Она должна убить Сигурда Яновского.

Именно для этого судьба придумала такое феноменальное совпадение – чтобы на всем огромном земном шаре этот человек выбрал для жизни именно ту точку, в которой оказалась и она, притом оказалась самым непредсказуемым образом.

Этот знак судьбы был слишком явственен, чтобы его можно было не заметить и не понять.

Оставалось только продумать, как осуществить свое намерение.

И в общем-то это было не так уж трудно. Если Сигурд Яновский появился в Берггартене один раз, то появится и второй, и третий. Почему бы Клаусу опять не пригласить в семейный дом своего нового приятеля? Так что надо просто этого дождаться. А до тех пор решить только одну задачу: заполучить любое Бернхардово ружье из специального шкафа, в котором они хранятся.

Эта задача, конечно, была не совсем уж простой, потому что шкаф являлся сейфом и всегда был заперт; Бернхард скрупулезно выполнял правила хранения оружия. Прежде Любе и в голову не приходило выяснять, где он держит ключ от этого шкафа. Но раз уж ей этот ключ теперь понадобился, то нет ничего особо сложного в том, чтобы это выяснить.

Она знала, что сделать это следует поскорее. Может, интуиция у нее была и не такая, как у мамы, но это она знала точно: Сигурд Яновский появится в Берггартене в ближайшее время.

И все-таки, когда он появился, Люба растерялась. То есть все у нее было готово к его появлению, все продумано и рассчитано. Но ей казалось, это произойдет как-то иначе. Не так, что однажды вечером она вернется домой из Баденвайлера, куда ездила за пайетками для рождественских костюмов, и увидит у крыльца его машину.

Она смотрела на эту машину, как на инопланетный корабль. Как может такое быть, что он ездит на этой сверкающей «Ауди», что к заднему стеклу прицеплена смешная обезьянка, которая дружески помахивает лапкой? Как все это может быть… после всего?

Любина растерянность длилась минут пять – ровно это время стояла она у крыльца, делая вид, что не может отцепить сумку от багажника своего велосипеда. Да, она ездит в Баденвайлер на велосипеде, но недавно Бернхард сказал, что подарит ей ко дню рождения машину, и у нее уже давно есть права, и надо, пожалуй, взять несколько уроков экстремального вождения, после этого, говорят, обыкновенное вождение дается совсем легко…

«О чем я думаю? – оборвала себя Люба. – Он приехал.

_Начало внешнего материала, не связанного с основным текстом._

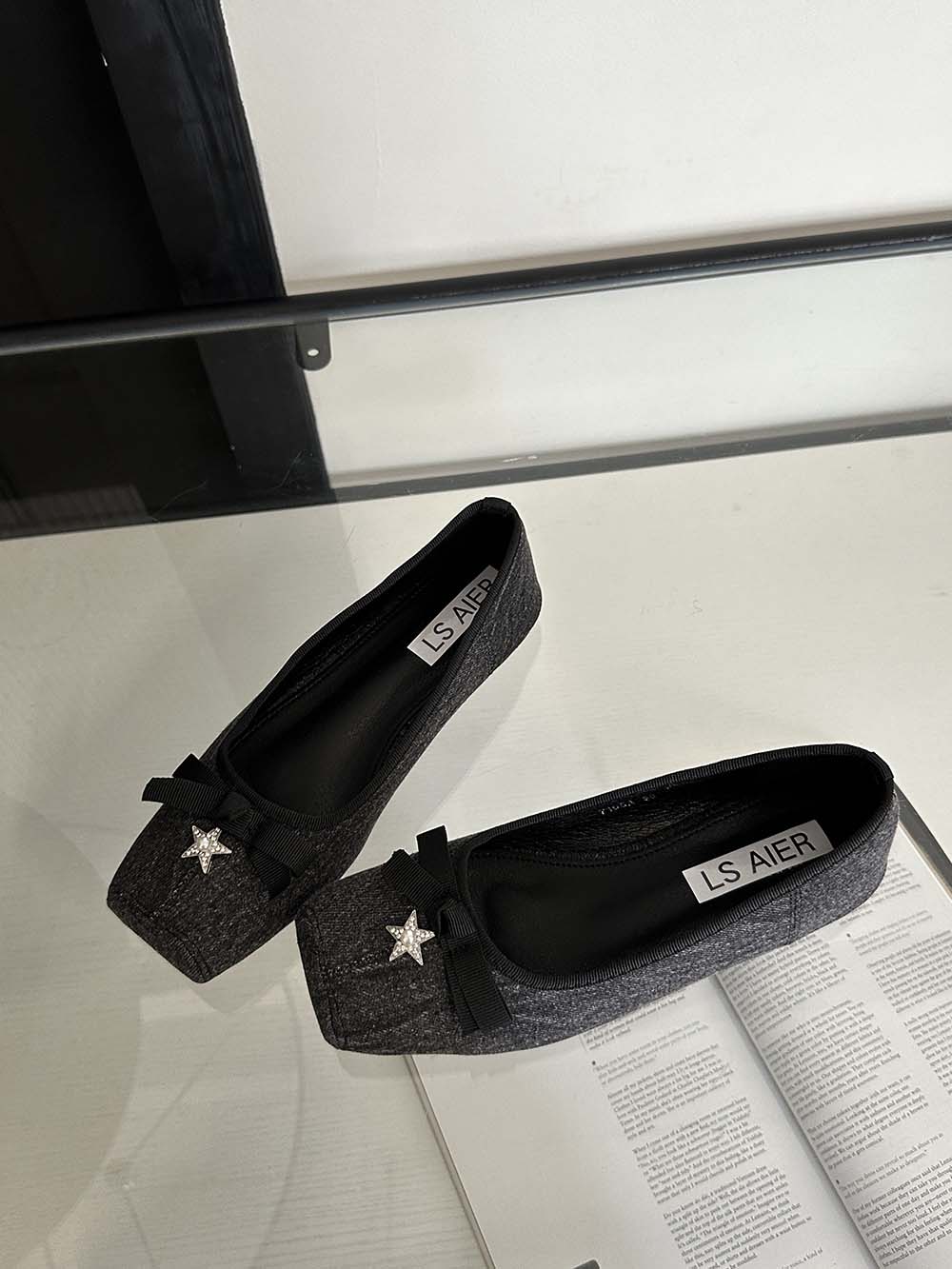 

Модные женские мокасины с квадратным носком, со стразами и звездами, на плоской подошве, с низким каблуком, черного и синего цвета, осенне-зимние туфли, женские размеры 36-40 6 чёрный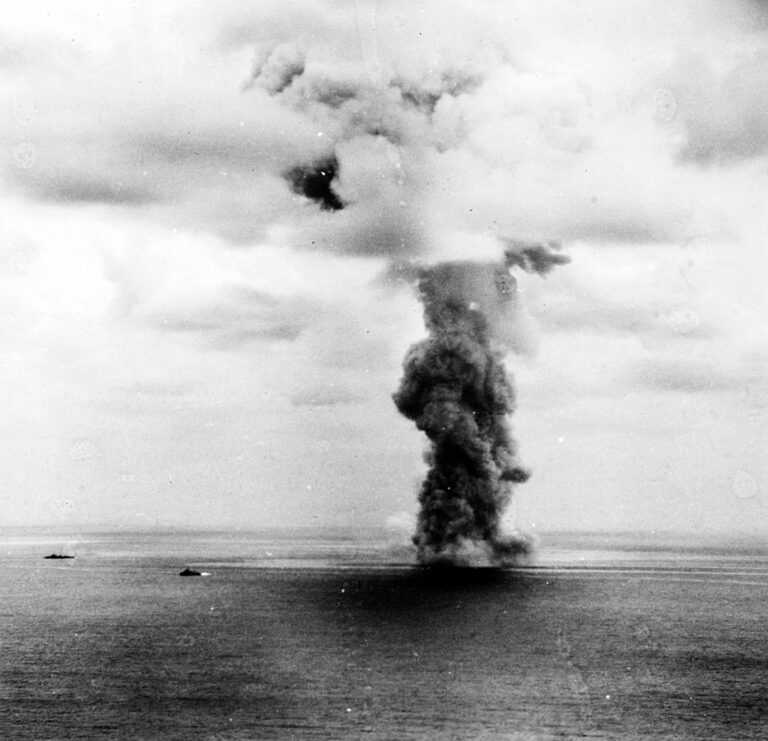 Mrak kouře zvedající se k nebi. To je vše, co zbylo z Jamato. 7. dubna 1945 zmizela navždy v hlubinách oceánů. FOTO: Naval History & Heritage Command, Public domain, via Wikimedia Commons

Он здесь. Все!»

Бернхард, Клаус и Сигурд Яновский сидели в гостиной; оттуда доносились их негромкие голоса, там играла музыка. Люба узнала – Моцарт, «Маленькая ночная серенада». Хоть эту часть своих музыкальных способностей папаша ей передал – слышать и чувствовать музыку. Правда, и тут судьба над ней посмеялась: слышать-то она музыку слышала и чувствовала очень сильно, но какие бы то ни было собственные музыкальные таланты у нее отсутствовали, и это доставляло ей неизмеримую досаду и в очередной раз заставляло завидовать Сашке Иваровской.